Directions
Only one span of the material below is wanted. Output it exactly, from the line with "2023 BYD Dolphin 420km Fashion" through the line with "イオウ・クリステッド・コッカトヴィンテージイラストレーション ポストカード (正面)", without any pictures.

START Data in this exercise

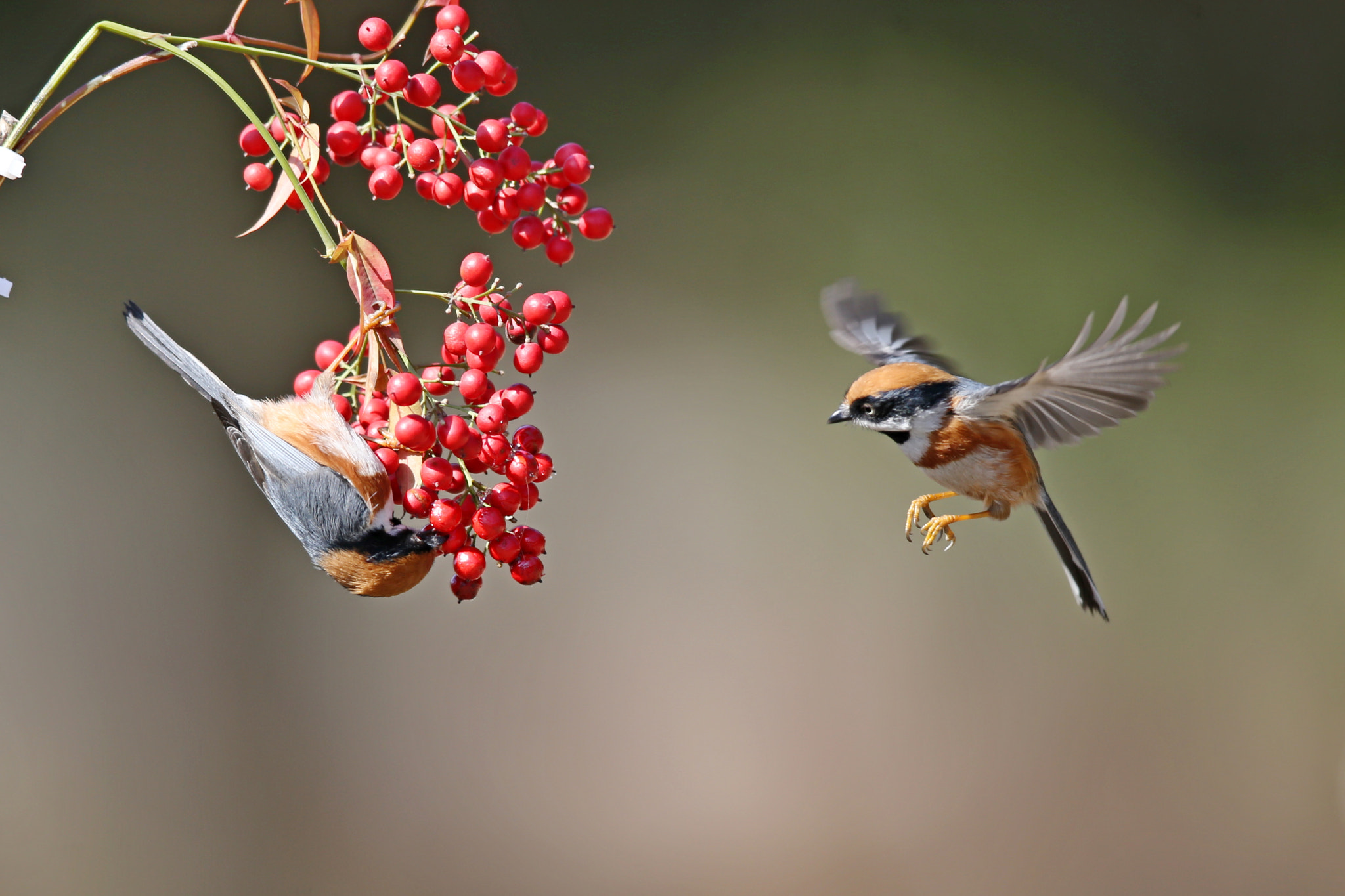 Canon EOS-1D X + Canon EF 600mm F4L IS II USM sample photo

END Data in this exercise
START Data in this exercise

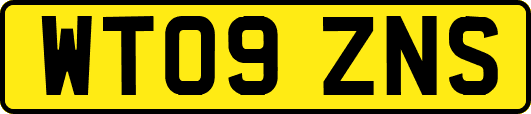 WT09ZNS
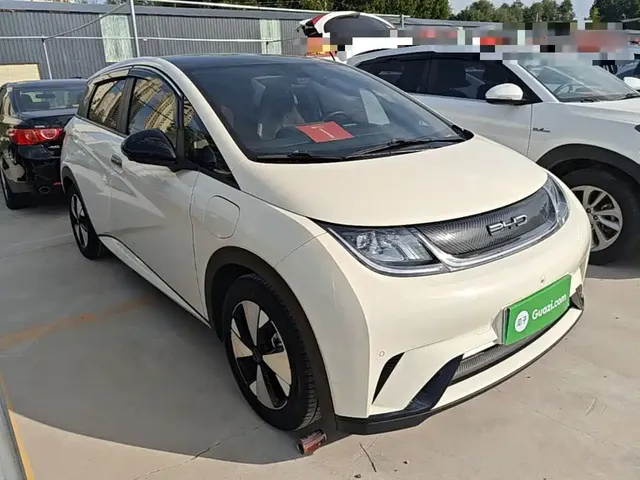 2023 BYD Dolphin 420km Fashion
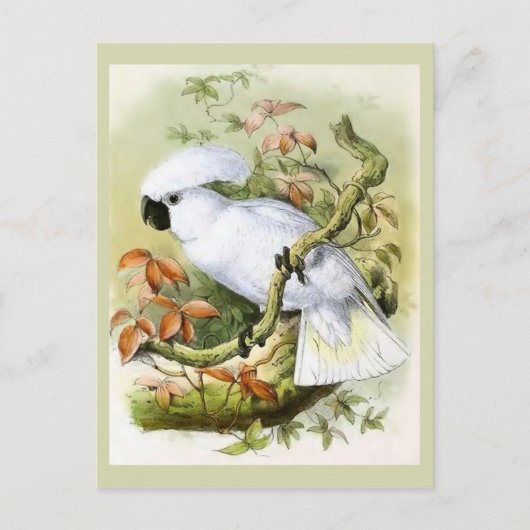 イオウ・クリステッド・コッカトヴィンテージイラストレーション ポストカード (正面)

END Data in this exercise
START Data in this exercise

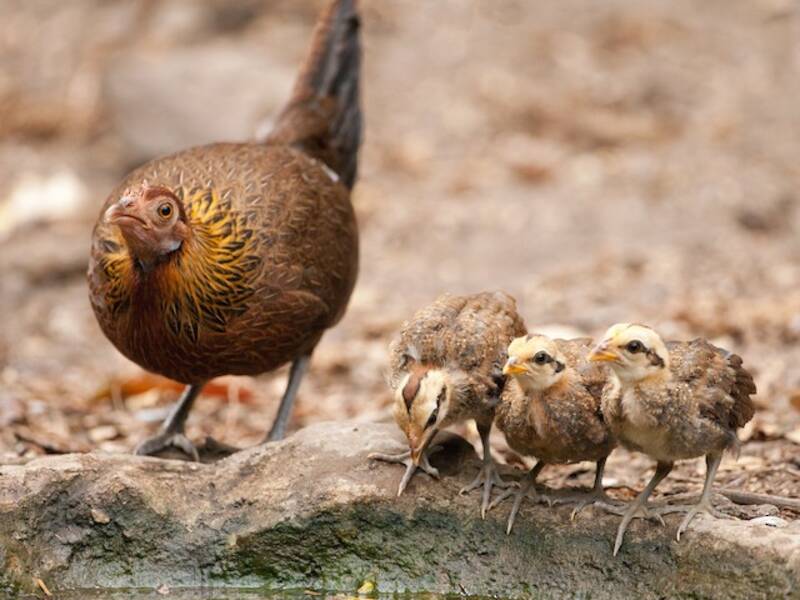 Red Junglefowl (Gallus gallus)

END Data in this exercise

Answer to the exercise
 2023 BYD Dolphin 420km Fashion
 イオウ・クリステッド・コッカトヴィンテージイラストレーション ポストカード (正面)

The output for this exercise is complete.